ACTIVITY >>
Below is a listing; restate from it, character for character, the lines beginning at the line holding "Özgürce Fon Perde" and ending at the line holding "Item preview, System", both included.

INFORMATION SUPPLIED >>
● ● ●
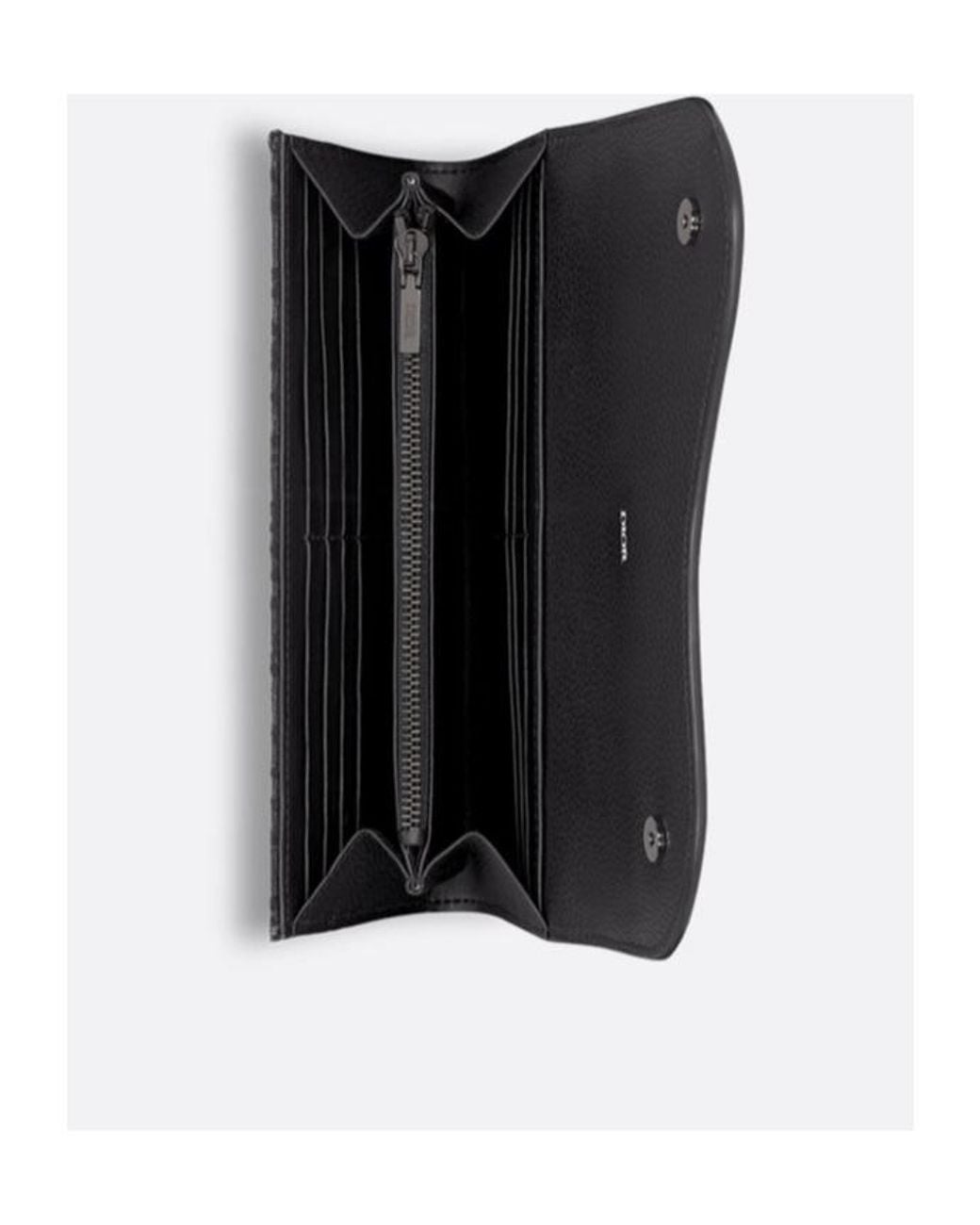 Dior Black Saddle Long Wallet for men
● ● ●
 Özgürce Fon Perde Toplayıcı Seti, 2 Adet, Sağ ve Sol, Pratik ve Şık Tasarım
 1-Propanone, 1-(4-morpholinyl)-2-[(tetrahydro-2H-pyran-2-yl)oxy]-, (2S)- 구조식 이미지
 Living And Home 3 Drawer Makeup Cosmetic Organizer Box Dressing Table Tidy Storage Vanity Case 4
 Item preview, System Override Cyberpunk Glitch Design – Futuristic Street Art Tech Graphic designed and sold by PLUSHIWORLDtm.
● ● ●
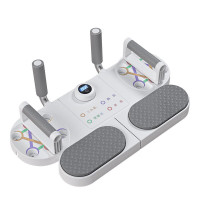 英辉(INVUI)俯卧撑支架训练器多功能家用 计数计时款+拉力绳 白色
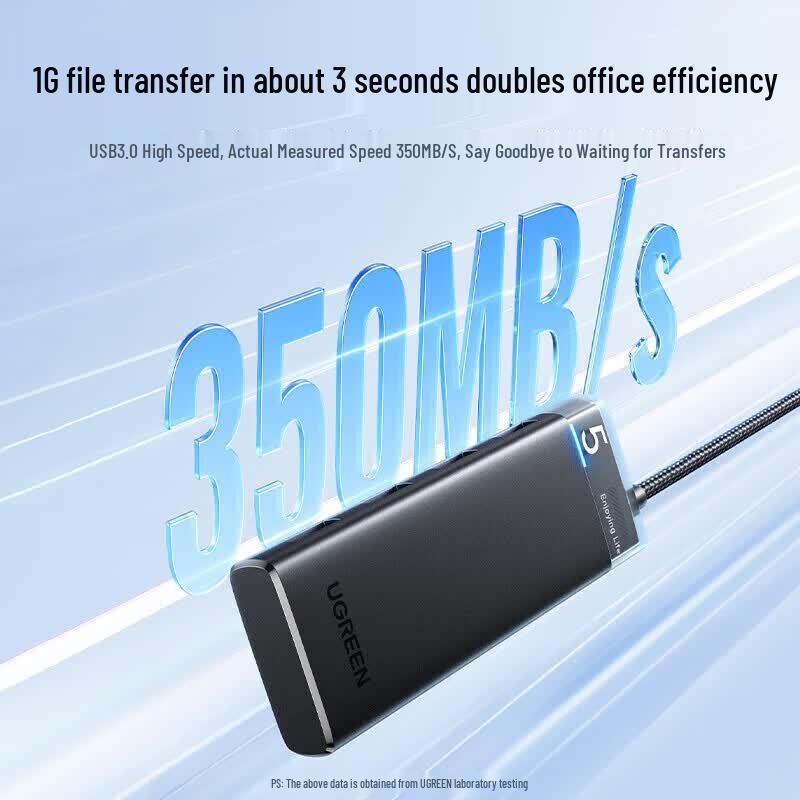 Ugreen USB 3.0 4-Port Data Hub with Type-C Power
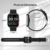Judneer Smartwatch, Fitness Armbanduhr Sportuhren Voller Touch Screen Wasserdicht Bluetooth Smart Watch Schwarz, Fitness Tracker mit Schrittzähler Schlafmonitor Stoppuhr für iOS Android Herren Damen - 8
● ● ●
SOLVED PROBLEM >>
 Özgürce Fon Perde Toplayıcı Seti, 2 Adet, Sağ ve Sol, Pratik ve Şık Tasarım
 1-Propanone, 1-(4-morpholinyl)-2-[(tetrahydro-2H-pyran-2-yl)oxy]-, (2S)- 구조식 이미지
 Living And Home 3 Drawer Makeup Cosmetic Organizer Box Dressing Table Tidy Storage Vanity Case 4
 Item preview, System Override Cyberpunk Glitch Design – Futuristic Street Art Tech Graphic designed and sold by PLUSHIWORLDtm.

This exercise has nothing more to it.